In your copy, include every entry exactly as written but no pictures.

DATA EXCERPTS:
━━━

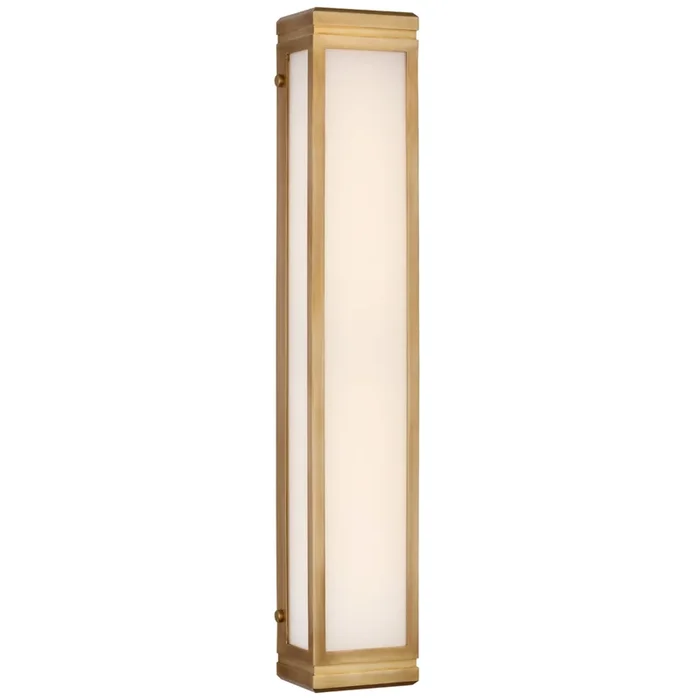 Ralph Lauren Hayles 26″ Bath Light in Natural Brass with White Glass Wall Light W5″ x H26″RL 2816NB-WG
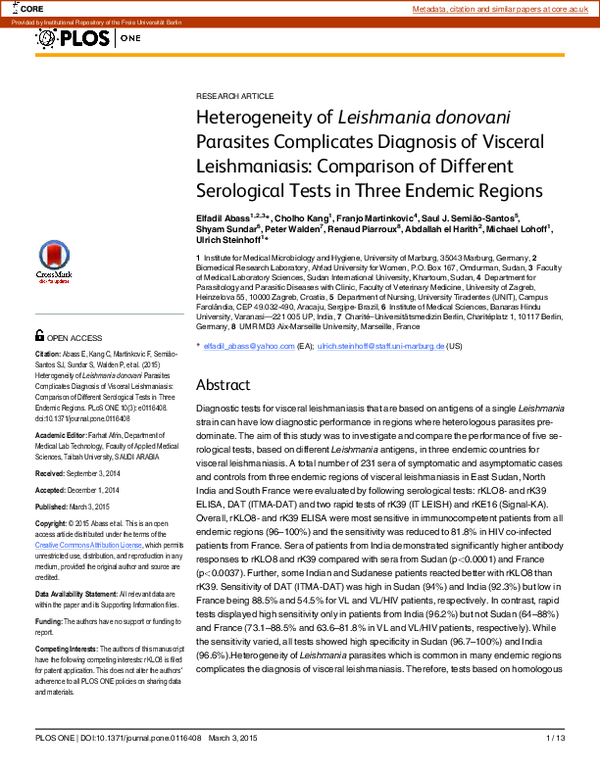 (PDF) Comparison of Different Serological Tests in Three Endemic Regions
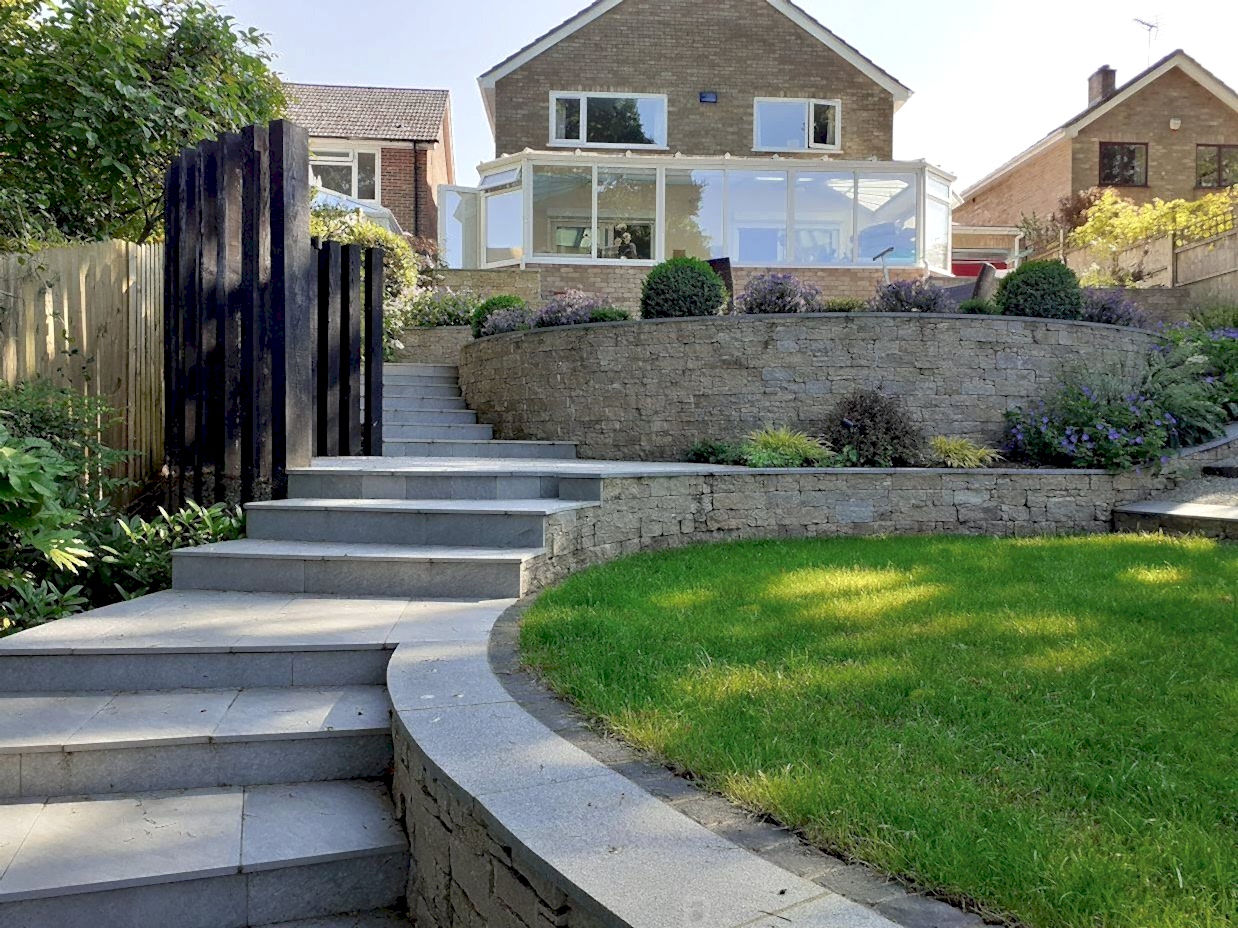 Sloping garden design Sandhurst Berkshire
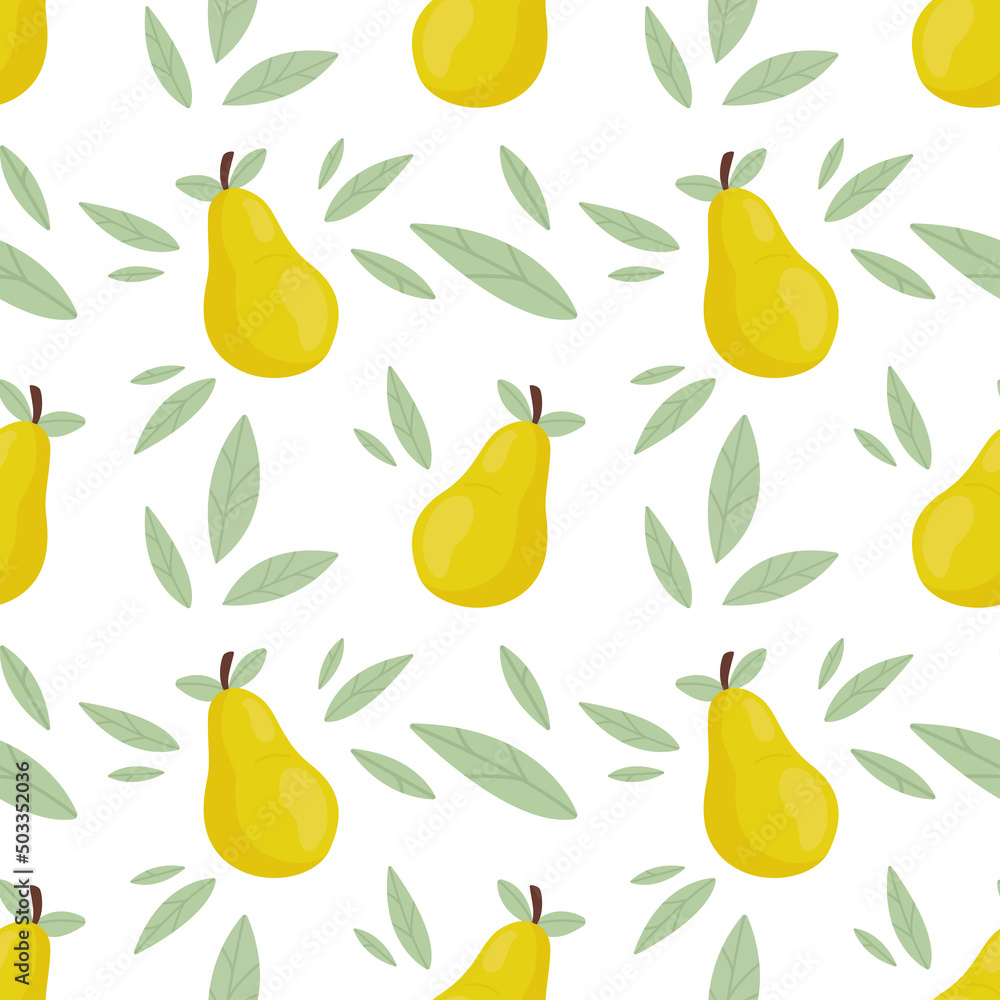 Seamless pattern with fresh cute green pears and leaves in flat style. Fruit pattern for cloth, textile, wrap and other design. Cartoon vector illustration Seamless pattern with fresh cute green pears and leaves in flat style. Fruit pattern for cloth, textile, wrap and other design. Cartoon vector illustration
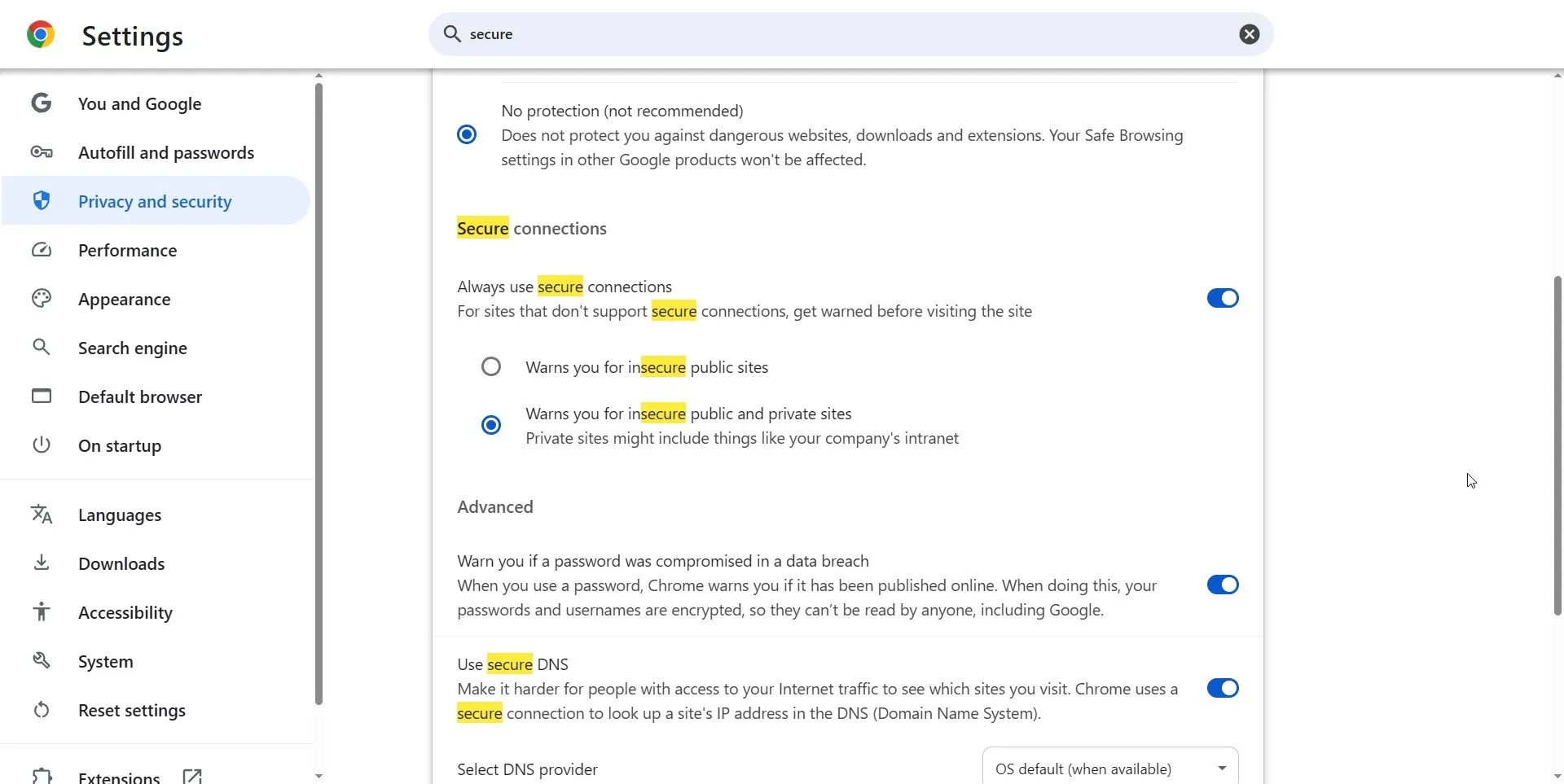 Tùy chọn luôn sử dụng kết nối bảo mật trên Chrome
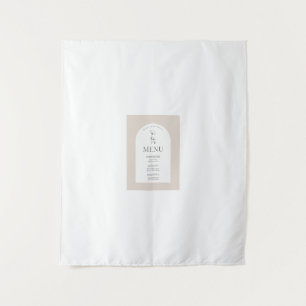 Moderne Hochzeitsmenükarte im minimalistischen flo Wandteppich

━━━

ANSWER BOX:
 Ralph Lauren Hayles 26″ Bath Light in Natural Brass with White Glass Wall Light W5″ x H26″RL 2816NB-WG
 (PDF) Comparison of Different Serological Tests in Three Endemic Regions
 Sloping garden design Sandhurst Berkshire
 Seamless pattern with fresh cute green pears and leaves in flat style. Fruit pattern for cloth, textile, wrap and other design. Cartoon vector illustration Seamless pattern with fresh cute green pears and leaves in flat style. Fruit pattern for cloth, textile, wrap and other design. Cartoon vector illustration
 Tùy chọn luôn sử dụng kết nối bảo mật trên Chrome
 Moderne Hochzeitsmenükarte im minimalistischen flo Wandteppich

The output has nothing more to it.